Thursday, October 15, 2009

The Problem of a “Secular Ethics”

(9/3/09 - My Catholic column for Newman University newspaper The Vantage)

Last week in bioethics class we were asked to read, summarize, and respond to the bioethical issue as to whether standard medical ethics apply in disaster conditions. The following is my abridged response informed by the Christian Faith.
In 2006 secular trained philosopher Mary Marshall sought to justify the option of various ethical conclusions in extreme situations, such as during the Hurricane Katrina incident concerning a doctor and two nurses in Louisiana charged with murder, with examples of paradigm cases as “seemingly impossible dilemmas”. First, of course, a philosopher of such justifying tendencies has to deny moral absolutes, as she does, claiming “Most of us in the worlds of bioethics and philosophy are wary of moral absolutes”, a claim of proportion I believe is quite the exaggeration.
To support the case of the Louisiana case Marshall proceeds to give accounts that she sarcastically assumes “even Solomonic wisdom couldn’t even resolve, because the options seemed morally bankrupt, or worse.” She is likely making a subtle allusion to the story of the two women claiming to be the mother of the same child in 1 Kings 3:16-28.
The fist case she presented was that of the William Styron story Sophie’s Choice, wherein a mother has to make the “painful or impossible” choice of “deciding which of one’s children to send to the gas chamber.” The second situation is that of a mother during the Sri Lankan tsunami “immersed in the deluge, clinging to her husband and child; and loosing the strength to hold fast to both of them, of having to let one go.” Third, she told of a school hostage situation where “parents with multiple captive children being allowed to remove only one” and then she asked “How do you decide which hand to release, which name to give?”
Marshall then tells of the Hurricane Katrina incident of those medical persons charged with manslaughter and the circumstances surrounding it. She then gives two final cases where a ship crewman throws 14 men off a sinking raft to save the rest, and then of a nurse (Szwajger) during the Holocaust who administered lethal doses of morphine to suffering and dying children about to be carried off to elsewhere to be killed. Marshall ends by illustrating her sense of “compassion” as a mother who “would rather that my child die the gentle death administered by Szwajger…than die a violent death at the hands of soldiers.” In conclusion she promotes that the Attorney General over the Katrina case “makes his findings, and as the case plays out, that compassion, not absolutism, is the order of the day.”

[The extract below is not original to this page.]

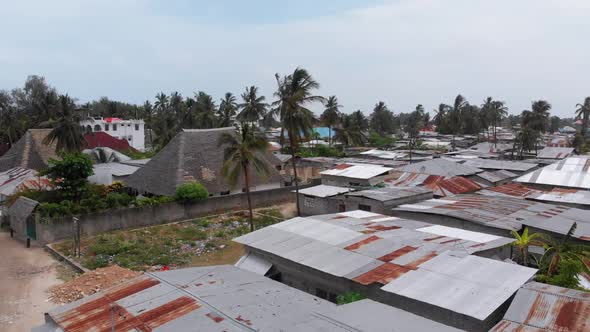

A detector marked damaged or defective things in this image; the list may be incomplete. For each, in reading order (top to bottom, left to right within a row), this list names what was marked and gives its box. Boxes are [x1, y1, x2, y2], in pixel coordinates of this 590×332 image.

rusty stain on roof [354, 262, 414, 286]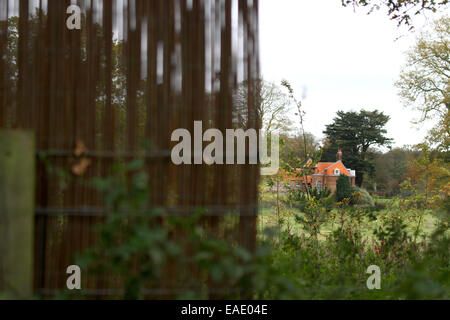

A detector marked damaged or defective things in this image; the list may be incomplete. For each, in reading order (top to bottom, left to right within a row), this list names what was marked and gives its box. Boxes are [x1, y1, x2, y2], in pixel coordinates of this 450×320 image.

I was going to start my critique of her line of argument by focusing on the problem of a “Faithless Ethic,” but quickly realized the pluralistic problem of that, as there are many faiths. The problem orthodox Christians see in “secular ethics” is the lack of the deeper appreciation and wisdom provided by the principles and revelations of the Judeo-Christian faith. In fact, Solomonic wisdom could respond to every one of Marshall’s situations.
The mother confronted with the case of which child to send to the gas chamber could forego the choice all together and thereby likely face martyrdom – if she had faith in the Resurrection of the Just Dead.

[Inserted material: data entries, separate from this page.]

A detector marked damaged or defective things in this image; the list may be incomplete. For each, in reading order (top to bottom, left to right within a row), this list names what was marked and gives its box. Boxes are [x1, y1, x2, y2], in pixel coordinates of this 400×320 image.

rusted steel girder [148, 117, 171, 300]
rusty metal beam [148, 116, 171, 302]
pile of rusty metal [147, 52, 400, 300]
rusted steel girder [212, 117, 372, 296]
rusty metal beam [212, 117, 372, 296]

The mother in the Sri Lankan incident would have to let her child go and offer him/her into the hands of God, as her primary duty is to her husband – granting she is faithful to her Marital Covenant.
The parents of the school children would have to cast lots to decide which child must be set free – putting the decision in the hands of God.
The sea crewman was completely unjustified – lacking virtue by fearing death and lacking faith of rescue (which, regardless, may never have come) wherein he chose to kill to “save.” Evil means cannot justify an apparent good.
The nurse who euthanized the children with morphine should have let the children be taken away – letting God judge the murderous soldier’s souls and not hers.
Marshall’s sense of “compassion” is what I would call a faithless and therefore, in ethical considerations, a false compassion. This is illustrated in her statement that she, “would rather that my child die the gentle death administered by Szwajger…than die a violent death at the hands of soldiers.” A Christian could point out that God the Father was willing to allow His Son to die a violent death at the hands of Roman soldiers. Ultimately, Christian faith and hope in the Resurrection of the Dead was the ultimate point and revelation of the Christ’s crucifixion, thus fueling the Christian ethical decision making. If we die in faith, or even for our children who are “sacrificed” for the sake of justice, we have hope in the reward of the Resurrection. We need not fear death! With such faith one has the freedom to allow the apparent worst. The theological virtues of faith, hope, and love and certain principles of human dignity can resolve all such “dilemmas.”
Yet, in a way, it is understandable that those not evangelized to the Judeo-Christian revelation would lack certain principles and appreciations, thus the problem of a “secular ethics.” They lack any firm foundation. Even if the secularist’s main ethical principle is based upon “human dignity,” as it presently appears to be, this is still a holdover from the Judeo-Christian view of humanity as dignified because it is “in the image and likeness of God.” As this principle is dissolving due to certain utilitarian ideas, where we are becoming mere objects or “utilities,” so dissolves our appreciation of ethics based on moral absolutes and we are all the more governed by the fear of death.